--- Given data ---
"""

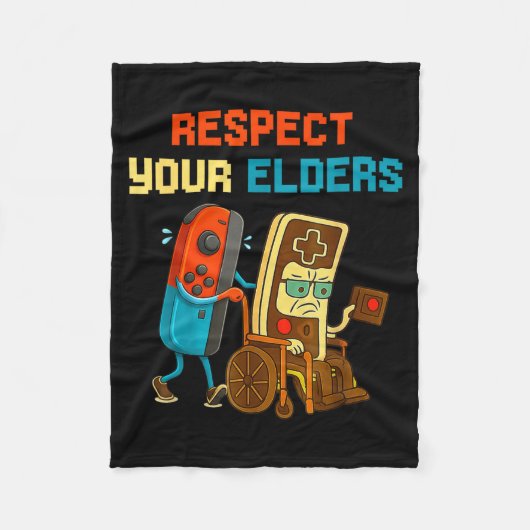 Respect Your Elders Retro Gaming Funny Gamer Contr Fleece Deken (Voorkant)
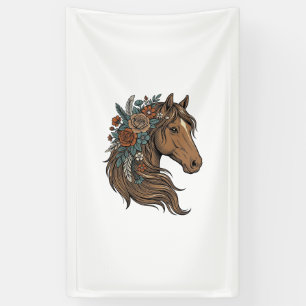 Vintage Floral Horse Head Vector Design_1 Banner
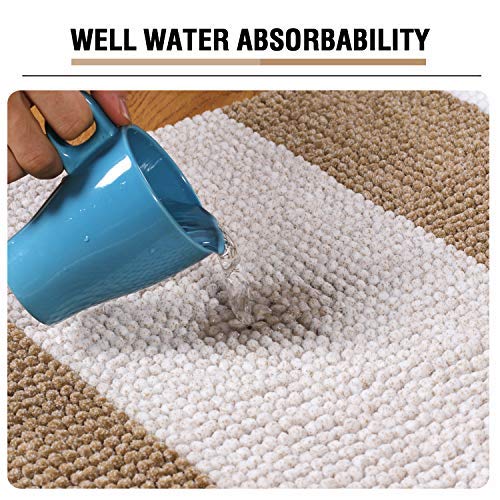 PrimeBeau Bath Rug Set 2 Piece for Bathroom Bath Mats Non Slip Bouncy Chenille Ombre Dyeing Bath Rugs Rectangle, Water Absorbent Striped Shag Mats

"""

--- Task objective ---
Please give all of the material again, exactly, without the images.

--- Your solution ---
 Respect Your Elders Retro Gaming Funny Gamer Contr Fleece Deken (Voorkant)
 Vintage Floral Horse Head Vector Design_1 Banner
 PrimeBeau Bath Rug Set 2 Piece for Bathroom Bath Mats Non Slip Bouncy Chenille Ombre Dyeing Bath Rugs Rectangle, Water Absorbent Striped Shag Mats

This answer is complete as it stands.